For example, a win32 exe uploaded under a number of names:
As far as I can tell our current detection of Ogg and Midi files appear reliable and accurate. I don't see why we can't enforce for those types. Can anyone provide any counter examples or suggested test cases?
We do not appear to correctly detect valid XCFs.
I am not sure where we stand on the other formats.
It _should_ be enforcing for recognized types, but that might only be for internally-recognized ones at the moment. We need to take a peek at that...
My strong recommendation is to rip out the whole MimeDetector stuff with its unreliable external dependencies and just do our own magic detection for all types. That should be enough for many of the basics -- keep out DOS/Windows executables, detect Ogg, PDF, SVG, etc nicely.
I'm not sure how easy it is to cleanly detect the various office formats. The StarOffice/OpenOffice/OpenDoc ones are ZIP-based, which may make it hard to tell legit docs from other ZIP files.

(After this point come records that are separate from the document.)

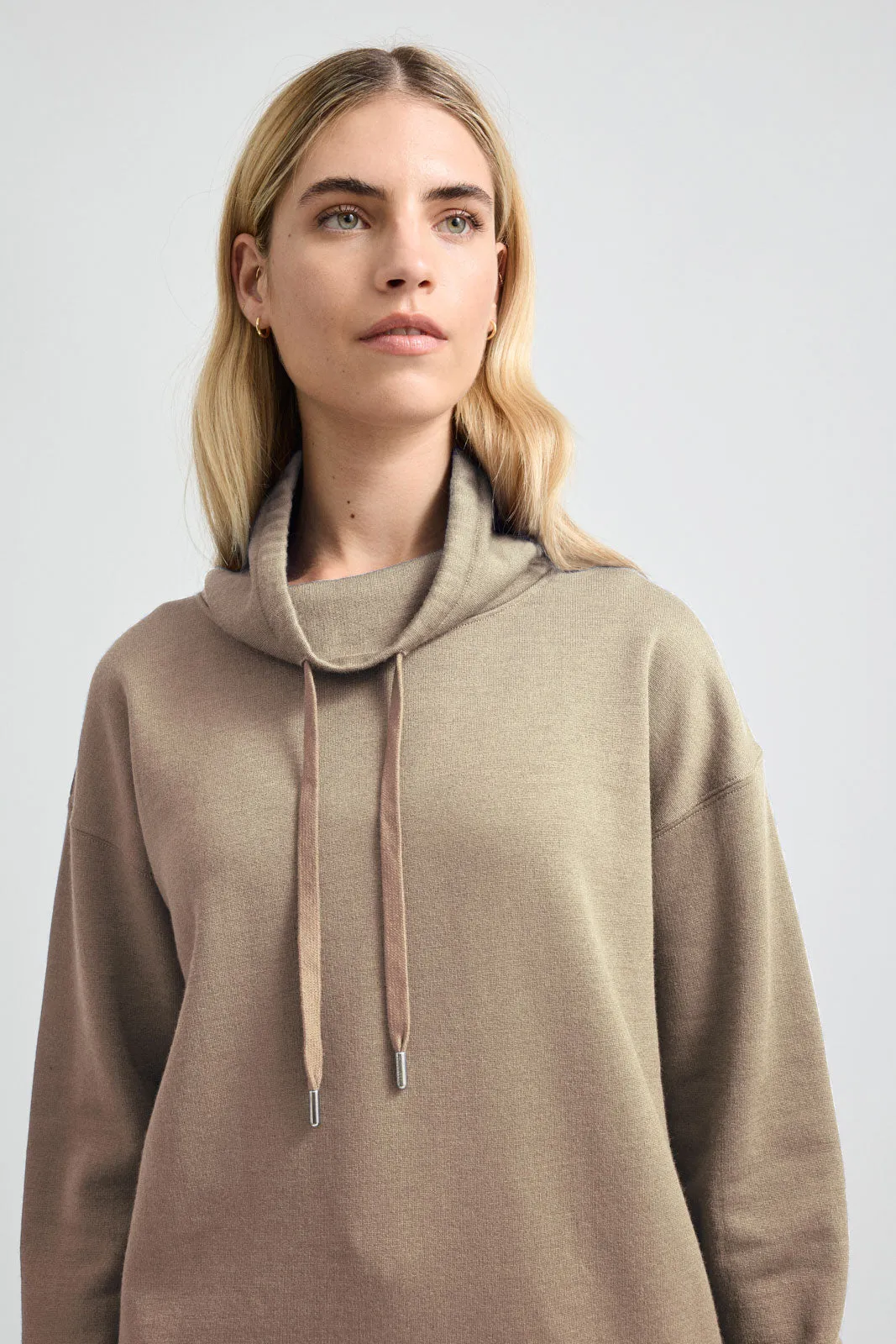 LOUNGE FUNNEL NECK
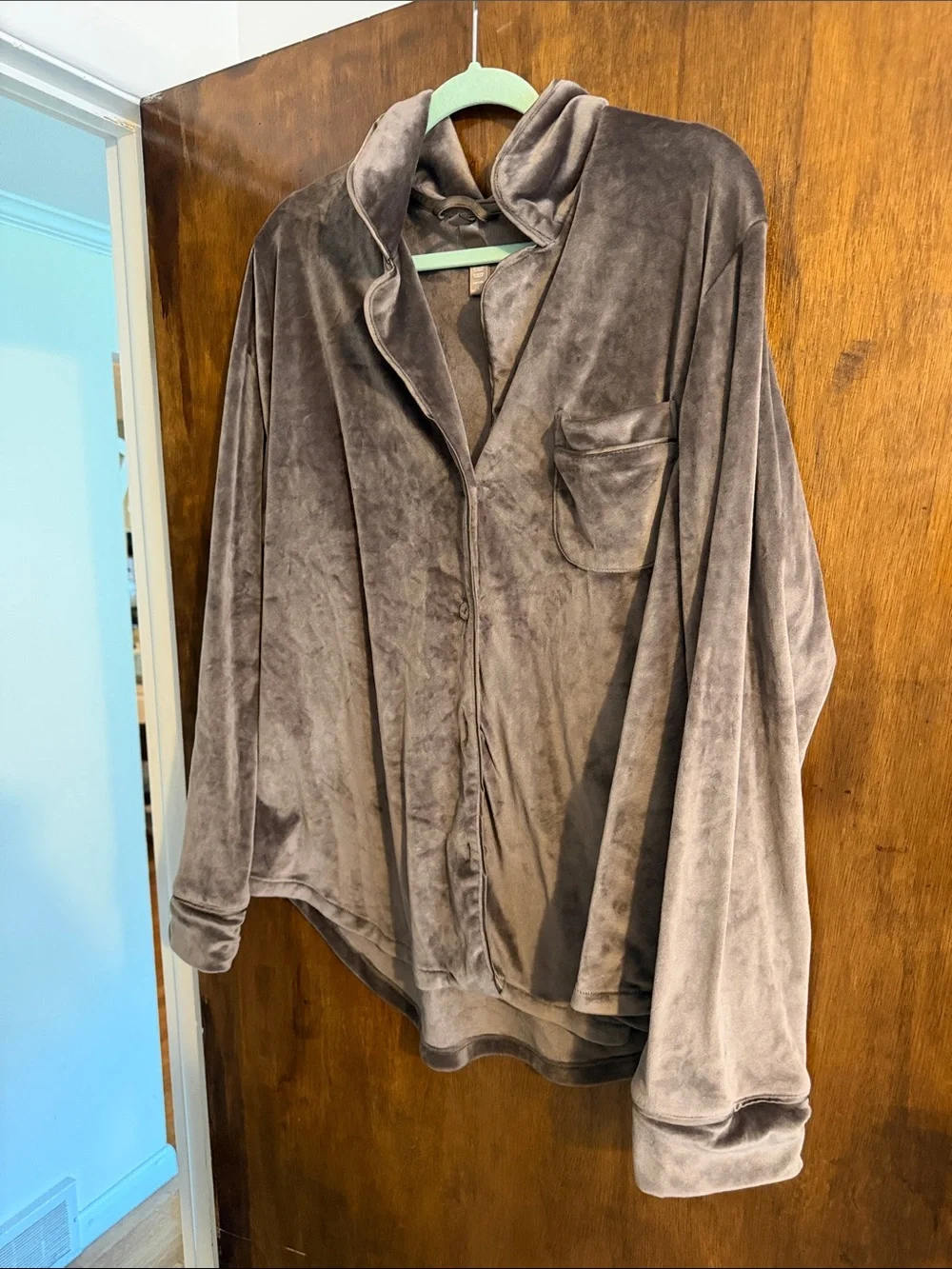SKIMS velour Button-Front Pajama Top in amethyst
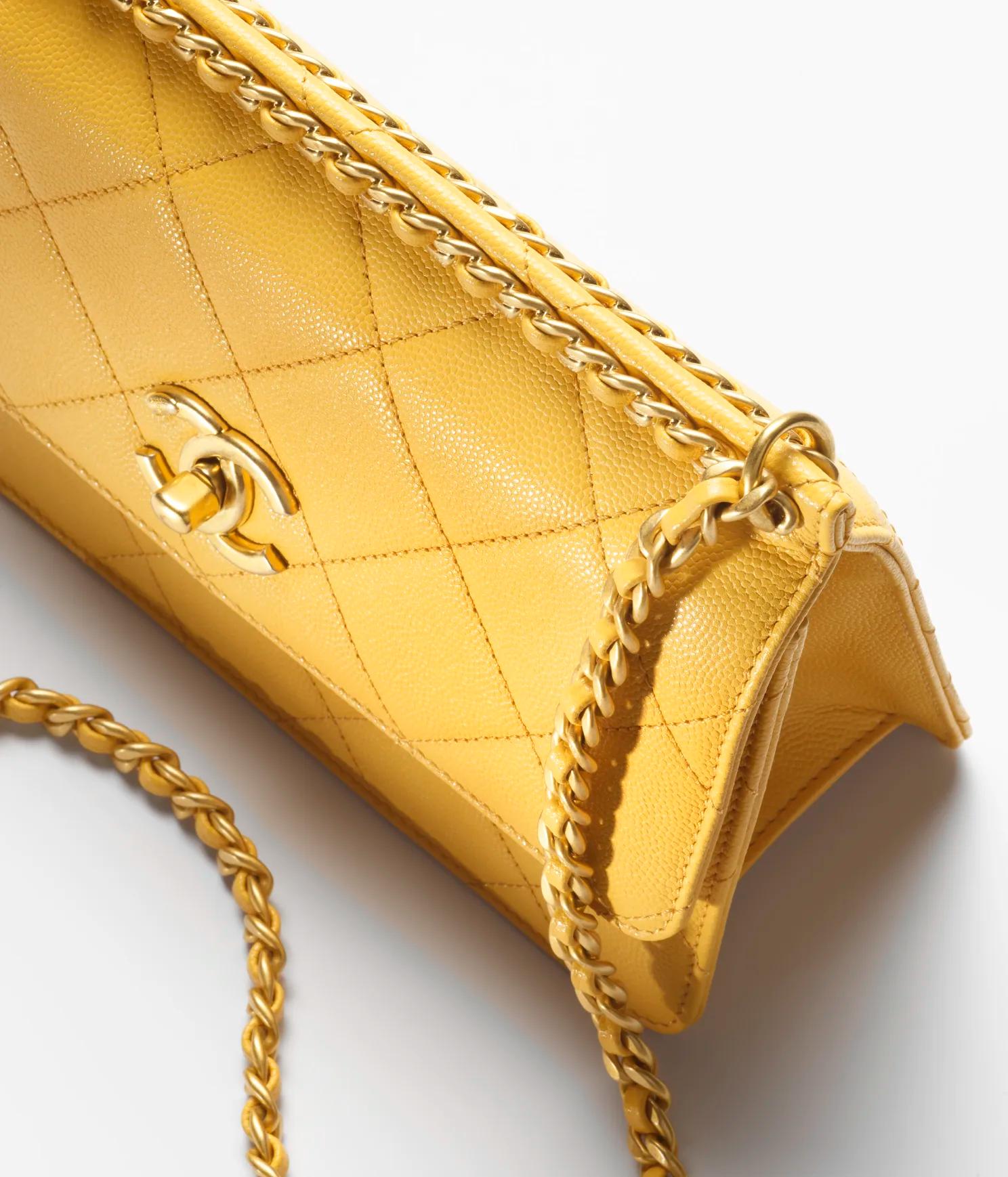 Túi Chanel Small Flap Bag Grained Calfskin & Gold-Tone Metal Nữ Vàng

ZIP-based documents are unusual enough so accepting Zip files as them is not a great problem. We got much more articles uploaded as PDFs.
Note that we could easily differenciate them by reading the zip end instead of the first Kb and searching in the central directory for content.xml and mimetype. We can even differentiate the real file reading the mimetype content (which is not supposed to be compressed).
As MIME detection is quite good, eg. [[en:Bitmap file]]s with jpg extension get image/x-ms-bitmap mime, could a extension-mime association be enough?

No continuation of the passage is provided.